Loron Benton
Humanities in Leadership Learning Series (HILLS) Postdoctoral Fellow
About
Dr. Loron Benton is an Andrew W. Mellon-funded fellow in the Humanities in Leadership Learning Series (HILLS) Postdoctoral Fellowship at Case Western Reserve University. Under the guidance of Dr. Joy Bostic, Dr. Tim Beal, and other expert administrative leaders at CWRU, she is learning best practices for how to lead in higher education as a humanist scholar. In the spring of 2022, she will teach a special topics course on Audre Lorde’s theories, literature, and legacies for the Minor in African and African American Studies in the Department of Religious Studies.
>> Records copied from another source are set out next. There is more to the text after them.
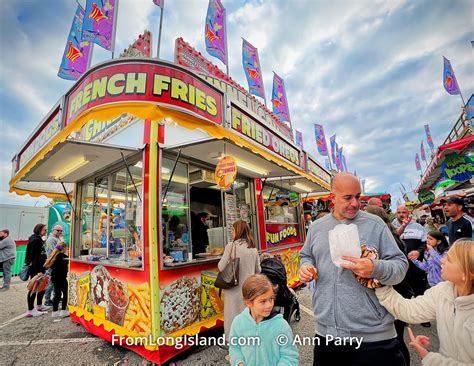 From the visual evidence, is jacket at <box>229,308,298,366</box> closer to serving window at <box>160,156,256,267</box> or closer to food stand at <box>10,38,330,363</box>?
food stand at <box>10,38,330,363</box>

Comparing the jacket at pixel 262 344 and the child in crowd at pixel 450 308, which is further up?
the child in crowd at pixel 450 308

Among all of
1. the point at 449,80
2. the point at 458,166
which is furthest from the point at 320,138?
the point at 458,166

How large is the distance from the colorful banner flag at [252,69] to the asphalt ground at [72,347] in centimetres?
789

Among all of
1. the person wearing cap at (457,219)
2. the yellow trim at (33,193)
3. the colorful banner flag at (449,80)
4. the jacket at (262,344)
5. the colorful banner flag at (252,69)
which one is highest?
the colorful banner flag at (449,80)

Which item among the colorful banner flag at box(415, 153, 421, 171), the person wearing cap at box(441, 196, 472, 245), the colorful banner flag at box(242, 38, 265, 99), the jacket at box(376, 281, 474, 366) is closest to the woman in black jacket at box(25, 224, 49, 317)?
the jacket at box(376, 281, 474, 366)

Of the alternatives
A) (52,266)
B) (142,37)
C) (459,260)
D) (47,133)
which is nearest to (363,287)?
(459,260)

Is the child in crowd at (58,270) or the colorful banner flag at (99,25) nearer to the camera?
the colorful banner flag at (99,25)

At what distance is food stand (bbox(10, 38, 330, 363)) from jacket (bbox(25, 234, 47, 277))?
115 cm

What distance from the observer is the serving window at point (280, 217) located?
7039 mm

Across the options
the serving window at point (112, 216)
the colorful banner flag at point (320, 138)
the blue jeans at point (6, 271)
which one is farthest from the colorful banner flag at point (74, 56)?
the colorful banner flag at point (320, 138)

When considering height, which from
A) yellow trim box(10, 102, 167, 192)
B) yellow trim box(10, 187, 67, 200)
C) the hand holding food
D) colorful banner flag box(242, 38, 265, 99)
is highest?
colorful banner flag box(242, 38, 265, 99)

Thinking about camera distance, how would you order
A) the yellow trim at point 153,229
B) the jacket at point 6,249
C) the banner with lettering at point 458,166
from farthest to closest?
the jacket at point 6,249
the banner with lettering at point 458,166
the yellow trim at point 153,229

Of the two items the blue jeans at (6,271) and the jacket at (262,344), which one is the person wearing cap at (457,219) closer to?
the jacket at (262,344)

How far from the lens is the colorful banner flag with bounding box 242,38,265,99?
31.7ft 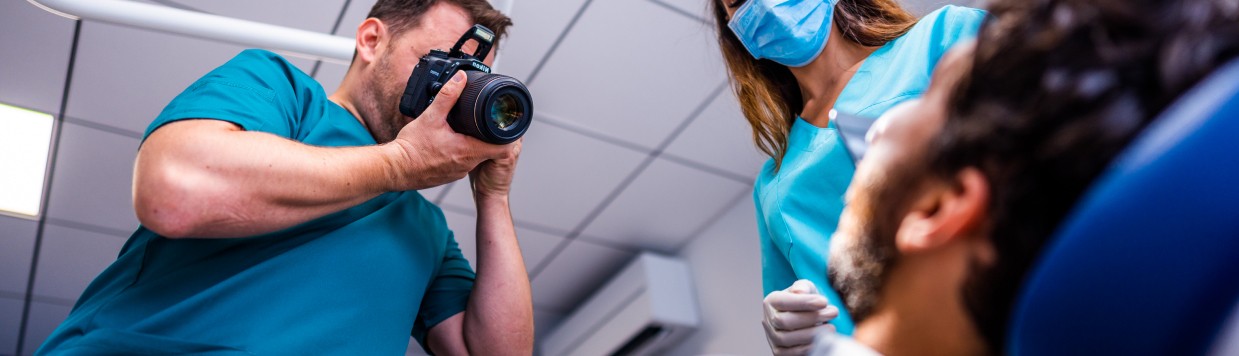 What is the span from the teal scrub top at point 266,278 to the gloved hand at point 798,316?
19.3 inches

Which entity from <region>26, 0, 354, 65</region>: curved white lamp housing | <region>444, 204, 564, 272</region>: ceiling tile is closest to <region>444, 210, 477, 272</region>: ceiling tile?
<region>444, 204, 564, 272</region>: ceiling tile

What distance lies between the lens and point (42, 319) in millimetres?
3840

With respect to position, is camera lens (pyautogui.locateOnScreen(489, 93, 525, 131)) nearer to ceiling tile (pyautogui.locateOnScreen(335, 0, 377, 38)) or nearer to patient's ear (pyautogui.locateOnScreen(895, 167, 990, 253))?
patient's ear (pyautogui.locateOnScreen(895, 167, 990, 253))

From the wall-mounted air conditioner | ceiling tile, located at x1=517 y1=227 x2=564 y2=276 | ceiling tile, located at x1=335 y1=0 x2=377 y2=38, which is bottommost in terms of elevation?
the wall-mounted air conditioner

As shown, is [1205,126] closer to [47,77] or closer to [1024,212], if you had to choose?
[1024,212]

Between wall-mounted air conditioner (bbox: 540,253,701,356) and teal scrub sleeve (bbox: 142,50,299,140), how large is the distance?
248cm

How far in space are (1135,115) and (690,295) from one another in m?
3.26

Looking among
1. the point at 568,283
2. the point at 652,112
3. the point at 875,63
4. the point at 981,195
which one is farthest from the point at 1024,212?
the point at 568,283

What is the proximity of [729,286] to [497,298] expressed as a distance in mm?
2275

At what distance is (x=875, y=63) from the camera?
1.35 metres

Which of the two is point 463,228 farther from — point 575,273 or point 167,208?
point 167,208

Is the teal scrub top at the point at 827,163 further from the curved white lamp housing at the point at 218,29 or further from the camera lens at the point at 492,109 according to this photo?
the curved white lamp housing at the point at 218,29

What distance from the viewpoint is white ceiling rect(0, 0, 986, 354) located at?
2.56m

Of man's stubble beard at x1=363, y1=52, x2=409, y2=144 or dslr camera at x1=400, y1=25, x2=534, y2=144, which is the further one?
man's stubble beard at x1=363, y1=52, x2=409, y2=144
Loron’s dissertation, “Interior Spaces, Spiritual Traces: Theorizing the Erotic in the Cultural Works and Creative Lives of Black Women Writers and Artists, 1930-1970,” is an interdisciplinary study of the theoretical utility of the erotic as an epistemological source for spiritual and political power. Her article “Dripping in Molasses: A Black Feminist Exploration of Kara Walker’s A Subtlety”—which will be published in a forthcoming special issue of the Cultural Studies Journal—examines the artistic and historic bricolage of sugar, slavery, memory, and mammy in Walker’s 2014 public art installation A Subtlety, or the Marvelous Sugar Baby. Loron is currently working on her first book manuscript tentatively titled Spiritual Eroticism: Interiority, Artistry, and Activism in the Lives of Black Women.
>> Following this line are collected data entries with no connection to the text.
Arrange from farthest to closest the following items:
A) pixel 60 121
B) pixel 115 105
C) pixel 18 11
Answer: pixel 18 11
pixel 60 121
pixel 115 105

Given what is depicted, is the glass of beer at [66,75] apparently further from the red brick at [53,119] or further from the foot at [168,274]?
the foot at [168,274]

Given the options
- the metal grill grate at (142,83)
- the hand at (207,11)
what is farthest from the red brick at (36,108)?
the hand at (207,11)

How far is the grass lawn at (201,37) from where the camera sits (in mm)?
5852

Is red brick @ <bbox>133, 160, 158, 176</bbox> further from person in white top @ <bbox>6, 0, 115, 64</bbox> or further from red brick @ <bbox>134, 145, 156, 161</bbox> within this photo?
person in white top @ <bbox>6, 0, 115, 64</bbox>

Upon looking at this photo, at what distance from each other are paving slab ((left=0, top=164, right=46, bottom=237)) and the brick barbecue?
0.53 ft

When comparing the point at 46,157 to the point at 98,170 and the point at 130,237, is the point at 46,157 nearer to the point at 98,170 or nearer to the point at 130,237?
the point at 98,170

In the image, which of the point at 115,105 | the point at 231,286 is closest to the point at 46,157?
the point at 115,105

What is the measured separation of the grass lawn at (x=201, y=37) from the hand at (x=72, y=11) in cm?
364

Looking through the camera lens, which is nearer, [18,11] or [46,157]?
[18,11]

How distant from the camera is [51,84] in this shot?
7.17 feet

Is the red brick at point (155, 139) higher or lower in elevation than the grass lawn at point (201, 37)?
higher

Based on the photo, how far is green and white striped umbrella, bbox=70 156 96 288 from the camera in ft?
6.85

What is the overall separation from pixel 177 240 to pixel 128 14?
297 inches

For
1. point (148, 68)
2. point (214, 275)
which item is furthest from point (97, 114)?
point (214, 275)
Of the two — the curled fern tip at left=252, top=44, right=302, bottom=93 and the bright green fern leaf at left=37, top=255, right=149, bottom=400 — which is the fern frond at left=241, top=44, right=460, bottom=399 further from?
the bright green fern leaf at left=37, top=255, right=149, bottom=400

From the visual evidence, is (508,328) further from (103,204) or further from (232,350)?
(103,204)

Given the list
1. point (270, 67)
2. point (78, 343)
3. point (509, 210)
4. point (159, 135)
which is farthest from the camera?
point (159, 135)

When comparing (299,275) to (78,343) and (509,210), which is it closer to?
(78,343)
Loron earned her Bachelor of Arts in English and Women’s Studies at Emory University in Atlanta, Georgia, became a middle school reading teacher, and later completed her Master of Arts in Women’s Studies at Georgia State University. In 2020, she earned her Ph.D. in Gender Studies from the University of California, Los Angeles. Her research interests include Black women’s literary and political traditions, Black feminist theory, and the intersections between sexuality, creativity, and spirituality.